I need to sell my Wesley special to fund my next Hill! This is a great shooter that knows how to make meat. She has five bamboo laminations and is a real beauty. I put new leather on her, and added a little more dish in the grip while I had the old grip off. I should mention that it has a little finish flaking on one tip, but it's very minor.  I would never sell her without replacing her with another Hill. I'm ready to build my next one from a blank.  My price is $400!


----------



## Al33 (May 16, 2008)

Please post a price.


----------



## Apex Predator (May 16, 2008)

Sorry, ole eagle eye!  Took care of it.  Thanks buddy.


----------



## John Cooper (May 16, 2008)

man im glad i am broke right now ........but i still think you need your meds!!!!!!


----------



## Al33 (May 16, 2008)

Apex Predator said:


> Sorry, ole eagle eye!  Took care of it.  Thanks buddy.



A bow that pretty has to have a price tag even if it ain't brand spankin' new.



> =John Cooper;]  man im glad i am broke right now .....



I'm glad I shoot lefty.


----------



## ChrisSpikes (May 16, 2008)

I'm just glad it ain't 10#'s heavier.  Else I'd have to spend some more money.
Chris


----------



## ChrisSpikes (May 16, 2008)

What woods are you gonna order in your blank?


----------



## John Cooper (May 16, 2008)

HookedN21 said:


> I'm just glad it ain't 10#'s heavier.  Else I'd have to spend some more money.
> Chris



heck chris with your job and all it's only money .......you know you want it .......


----------



## Apex Predator (May 16, 2008)

Dang Chris, why you need so much weight?  With the arrows I shoot, this bow will shoot through a moose.


----------



## Apex Predator (May 16, 2008)

Osage on back and belly with three boo lams.  I asked him to use the darkest cocobolo he had, and throw in some scraps of same for tip overlays.  I can't wait.  I plan to do a blank-a-long when I get it.


----------



## ChrisSpikes (May 16, 2008)

Apex Predator said:


> Dang Chris, why you need so much weight?  With the arrows I shoot, this bow will shoot through a moose.

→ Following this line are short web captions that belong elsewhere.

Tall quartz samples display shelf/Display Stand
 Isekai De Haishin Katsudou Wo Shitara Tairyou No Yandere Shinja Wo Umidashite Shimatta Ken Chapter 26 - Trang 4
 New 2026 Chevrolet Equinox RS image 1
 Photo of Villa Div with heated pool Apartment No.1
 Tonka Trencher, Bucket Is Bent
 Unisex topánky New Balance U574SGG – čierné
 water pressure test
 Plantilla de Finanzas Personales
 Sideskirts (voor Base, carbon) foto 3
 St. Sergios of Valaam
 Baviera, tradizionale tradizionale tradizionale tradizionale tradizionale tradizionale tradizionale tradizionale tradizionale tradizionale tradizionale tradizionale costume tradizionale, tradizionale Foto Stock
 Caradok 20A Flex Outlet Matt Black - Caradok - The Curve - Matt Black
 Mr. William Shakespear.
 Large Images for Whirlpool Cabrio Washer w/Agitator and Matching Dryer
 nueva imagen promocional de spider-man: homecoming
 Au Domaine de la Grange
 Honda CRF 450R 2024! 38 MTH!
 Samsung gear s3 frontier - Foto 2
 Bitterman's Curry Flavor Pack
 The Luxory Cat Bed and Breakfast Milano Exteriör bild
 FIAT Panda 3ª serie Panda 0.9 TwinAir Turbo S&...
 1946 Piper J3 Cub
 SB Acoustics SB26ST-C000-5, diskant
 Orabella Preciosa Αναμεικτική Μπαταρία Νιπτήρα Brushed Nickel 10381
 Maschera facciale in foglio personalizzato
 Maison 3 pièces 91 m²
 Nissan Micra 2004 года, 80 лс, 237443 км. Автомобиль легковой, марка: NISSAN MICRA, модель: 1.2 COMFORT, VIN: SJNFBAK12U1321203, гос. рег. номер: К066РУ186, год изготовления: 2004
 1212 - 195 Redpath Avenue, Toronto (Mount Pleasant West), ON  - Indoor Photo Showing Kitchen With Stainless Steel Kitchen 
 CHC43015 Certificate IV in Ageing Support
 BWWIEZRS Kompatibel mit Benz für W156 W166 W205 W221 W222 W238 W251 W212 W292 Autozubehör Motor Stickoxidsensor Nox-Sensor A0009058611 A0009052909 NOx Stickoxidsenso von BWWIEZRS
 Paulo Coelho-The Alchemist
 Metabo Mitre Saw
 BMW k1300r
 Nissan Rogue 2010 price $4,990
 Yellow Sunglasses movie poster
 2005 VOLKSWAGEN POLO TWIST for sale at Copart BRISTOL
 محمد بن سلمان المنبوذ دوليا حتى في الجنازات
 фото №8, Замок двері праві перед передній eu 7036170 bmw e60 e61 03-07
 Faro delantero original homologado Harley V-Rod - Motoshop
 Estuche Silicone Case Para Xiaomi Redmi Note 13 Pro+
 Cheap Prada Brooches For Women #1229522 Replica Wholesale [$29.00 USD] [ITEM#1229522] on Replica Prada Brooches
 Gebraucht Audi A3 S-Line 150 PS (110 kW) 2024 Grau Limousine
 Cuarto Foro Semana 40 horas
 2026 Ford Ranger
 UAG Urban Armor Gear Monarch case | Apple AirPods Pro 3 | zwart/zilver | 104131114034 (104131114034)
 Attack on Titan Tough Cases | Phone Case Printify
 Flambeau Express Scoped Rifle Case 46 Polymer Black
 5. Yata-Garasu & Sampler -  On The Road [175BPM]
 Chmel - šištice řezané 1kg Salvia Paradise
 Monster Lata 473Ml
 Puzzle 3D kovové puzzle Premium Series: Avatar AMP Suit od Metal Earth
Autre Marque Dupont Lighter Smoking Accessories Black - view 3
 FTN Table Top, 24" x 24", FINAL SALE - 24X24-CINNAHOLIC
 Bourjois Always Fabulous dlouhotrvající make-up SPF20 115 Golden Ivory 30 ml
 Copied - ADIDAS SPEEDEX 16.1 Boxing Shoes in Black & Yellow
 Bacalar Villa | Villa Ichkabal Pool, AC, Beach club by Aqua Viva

My release stinks!  I need something that will rip the string out of my fingers.


----------



## Apex Predator (May 16, 2008)

All right folks, I have already ordered my new blank and have to move this one.  $375 shipped to the CONUS.  This bow has made my "all time favorite" list!


----------



## Apex Predator (May 19, 2008)

This one has been sold.


----------